A century after Fascism was born, authoritarians are once again on the rise around the world. The failure of American leadership has produced a global moral vacuum that has emboldened the leaders of Turkey, Hungary, Brazil, Russia, the Philippines, India and other anocracies and authoritarian regimes to strong-arm neighbouring polities and victimize migrants, religious minorities, indigenous populations and LGBTQ citizens.

To consolidate their power, the “killer clowns,” as British journalist George Monbiot labels such self-serving buffoons as Boris Johnson, cater to the basest prejudices of their electorates. Tweet by tweet, Donald Trump – a would-be strongman only precariously held in check by the institutions of U.S. democracy – has torn apart the web of international agreements painstakingly woven by the generations who lived through the rise of dictatorships and were determined to prevent the return of global conflagration.

I’ve spent the past three years researching a book about how people responded to the first iteration of populist authoritarianism, Italian Fascism. As I immersed myself in newsreels, archives and eyewitness accounts of everyday violence, I was repeatedly chilled by the consonances with our time.

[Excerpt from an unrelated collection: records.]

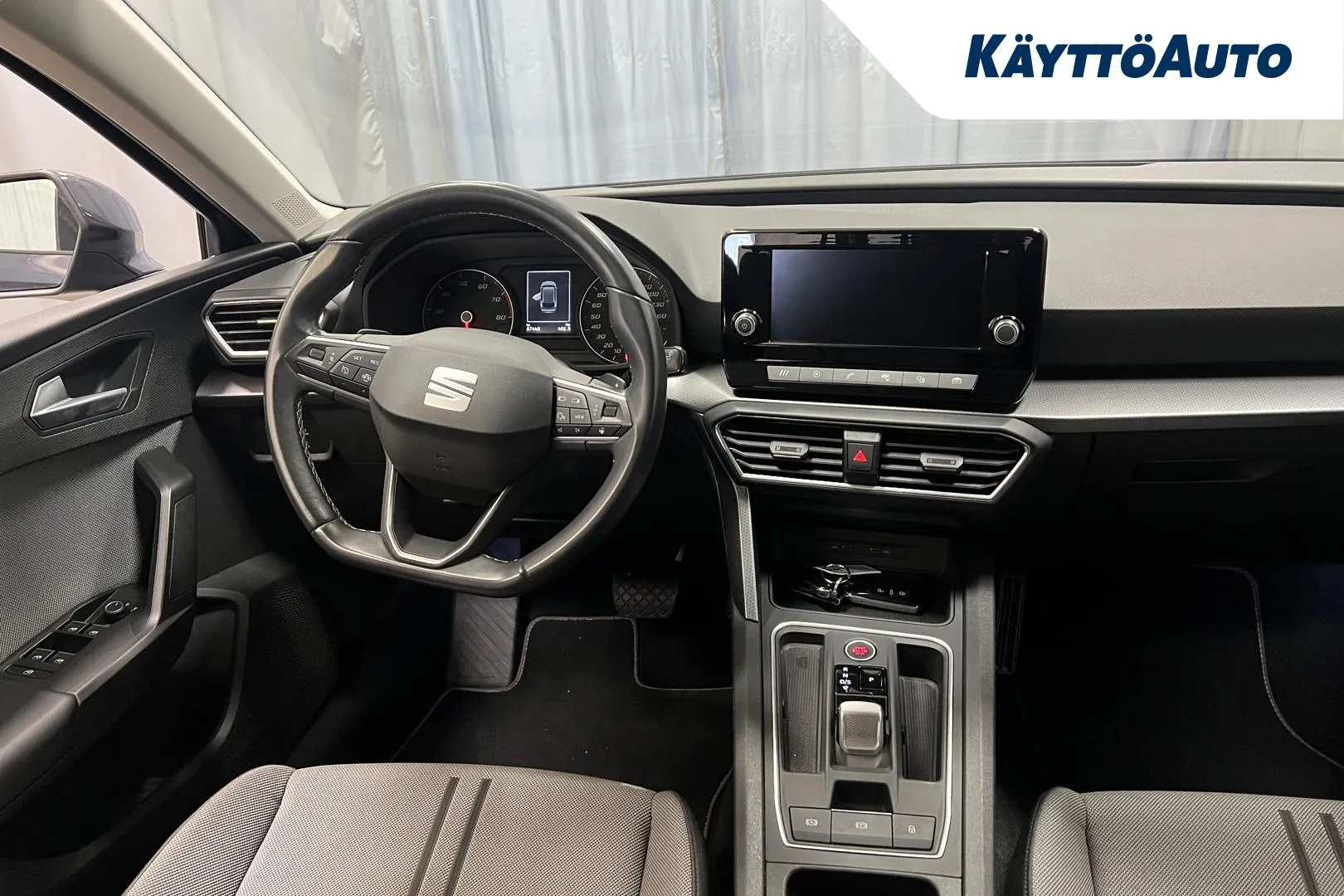 SEAT Leon Sportstourer MYV-854 carousel image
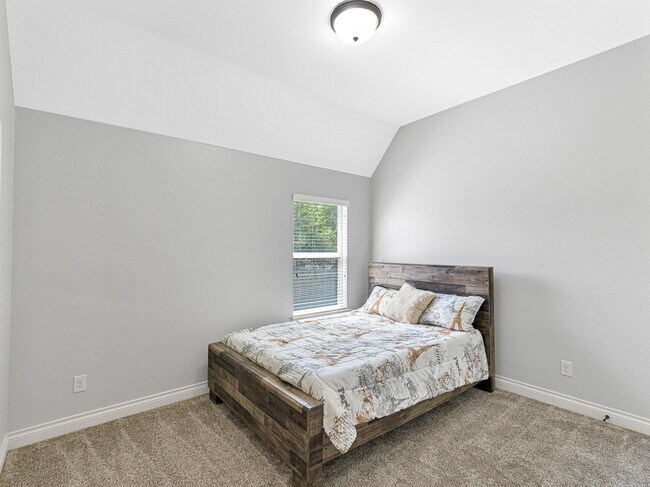 Building Photo - 27703 Lodgemist Ct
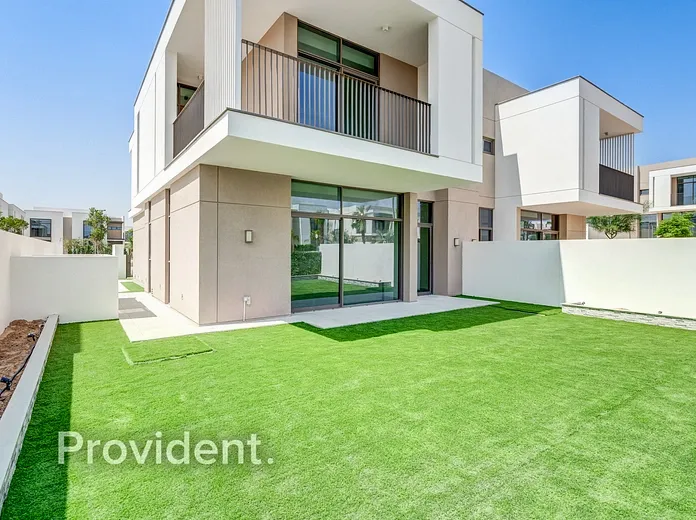 Villa - Provident Estate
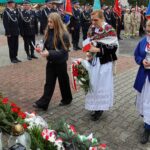 Złożenie kwiatów pod pomnikiem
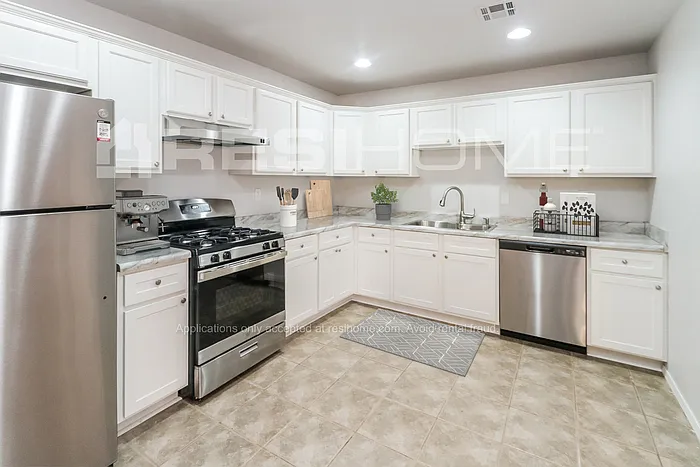 3705 SW 44th St — Photo 12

At a moment in history when Italians were feeling powerless and betrayed by the political establishment, Mussolini held forth a muscular program for restoring national pride – he wanted to Make Italia Grande Again. Unlike Mr. Trump, who has built nothing, Il Duce spent 20 years remaking Rome in the image of his paragon of ancient glory, Caesar Augustus. Il Duce excoriated, and eventually shut down, the free press and established a one-way conduit to the Italian people through radio broadcasts and speeches from his balcony on the Palazzo Venezia. Mr. Trump, who communicates with his base via Twitter and Fox News, has focused on disparaging what he calls #fakenews from the White House and his Mar-a-Lago resort. Mussolini encouraged, and selectively reined in, the violence of his Fascisti thugs, implying that only his authority prevented them from running amok. Mr. Trump has whipped up supporters at his rallies to eject protesters and has offered approval for the white supremacists who murdered and maimed at Charlottesville. Even the Italian dictator’s mannerisms – chin and chest thrust out, arms crossed, shouting down opponents – eerily echo those of the U.S. President.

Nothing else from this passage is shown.